Die Lösung liegt eigentlich auf der Hand: Digitaler Bündelfunk. Diese neue Technik wird in den meisten Staaten längst angewandt und ist abhörsicher. Zudem funktioniert sie wie ein Telefonnetz. Die Polizisten könnten auch untereinander kommunizieren statt nur über die Leitstelle. Doch der Teufel liegt im Detail. Erstens gibt es zwei unterschiedliche Standards, "Tetrapol" und "Tetra 25". Untereinander könnten diese beiden Standards nicht ohne weiteres kommunizieren. Die Entscheidung, welches System eingeführt wird, obliegt den Bundesländern, denn Polizei ist "Ländersache". Führt Brandenburg "Tetrapol" ein und Berlin "Tetra 25", dann scheitert die Amtshilfe über die Ländergrenze am Funkstandard.

Bis der neue Standard eingeführt ist, werden ohnehin Jahre vergehen. So spekuliert ein Mobilfunkhändler, der mit der Berliner Polizei gerade über die Anschaffung der Geräte verhandelt, daß dies bis zur Fußball-WM 2006 nicht zu bewerkstelligen sei. "Obwohl eine Berliner Polizeidirektion testweise mit dem neuen digitalen Bündelfunk ausgestattet ist, wird das flächendeckend wahrscheinlich erst 2008 der Fall sein", sagt er im vertraulichen Gespräch.

Um die Zeit bis dahin zu überbrücken, wurden Diensthandys angeschafft. Das ist teuer: Für jeden Handyvertrag fällt eine monatliche Grundgebühr an - in der Regel etwa zehn Euro. Außerdem sind die Gesprächsgebühren enorm. Gerade bei älteren Verträgen schlägt eine Minute tagsüber schon mal mit einem Euro zu Buche. Die Direktion, mit der gerade über Bündelfunk verhandelt wird, hat mittlerweile rund 900 Verträge mit Mobilfunknetzbetreibern. Richtig Steuergeld kostet, daß im Laufe der Jahre unterschiedliche Anbieter gewählt wurden. Das läßt insbesondere die Kosten für Gespräche der Polizisten untereinander explodieren.

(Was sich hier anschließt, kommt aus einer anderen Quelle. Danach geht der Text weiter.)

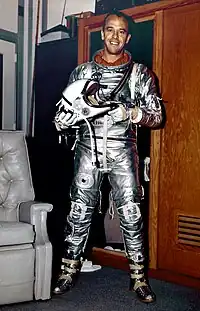 Photographie en couleur d'Alan Shepard dans sa combinaison argentée.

Deren Jahresetat 2004 war so bereits im April ausgeschöpft.

Am besten wäre es, wenn eine Direktion alle Verträge bei einem Anbieter hätte. Denn untereinander telefonieren etwa E-plus-Kunden für weniger als vier Cent pro Minute. Die laufenden Kosten hätten dadurch um schätzungsweise 80 Prozent gesenkt werden können. "Halt!" rief da jedoch das Landespolizeiverwaltungsamt (LPVA), als mehrere Direktionen kostenbewußt zu einem einzigen Anbieter wechseln wollten. Diese Investition übersteige den Rahmen von 2.500 Euro, so die leitende Behörde. Damit könne die Direktion dies nicht mehr eigenständig entscheiden, sagten die LPVA-Bürokraten. Vielmehr müsse eine europaweite Ausschreibung erfolgen. Und die dauert. Da waren allerdings einige Verträge bei anderen Anbietern bereits gekündigt. Das LPVA hat den Dienststellen jetzt untersagt, neue Verträge abzuschließen. Laufen nun die gekündigten Verträge aus, so stehen Polizisten selbst ohne Handy da. Und ohne den neuen Bündelfunk.

Es gibt noch einen weiteren Grund, warum die Behörde keine Alleingänge der Direktionen wünscht: Angeblich hat das LPVA ohne Wissen der Direktionen teilweise bestehende Handyverträge verlängert. Dafür spendiert der Netzbetreiber alle zwei Jahre ein neues Gerät. Diese wurden dann aber anderen Direktionen zur Verfügung gestellt, die neue Geräte noch nötiger hatten. "Die wissen nicht, was sie wollen", lautet das Fazit des Geschäftsmanns, der monatelang mit der Polizeidirektion über die Anschaffung neuester Technik verhandelt hat.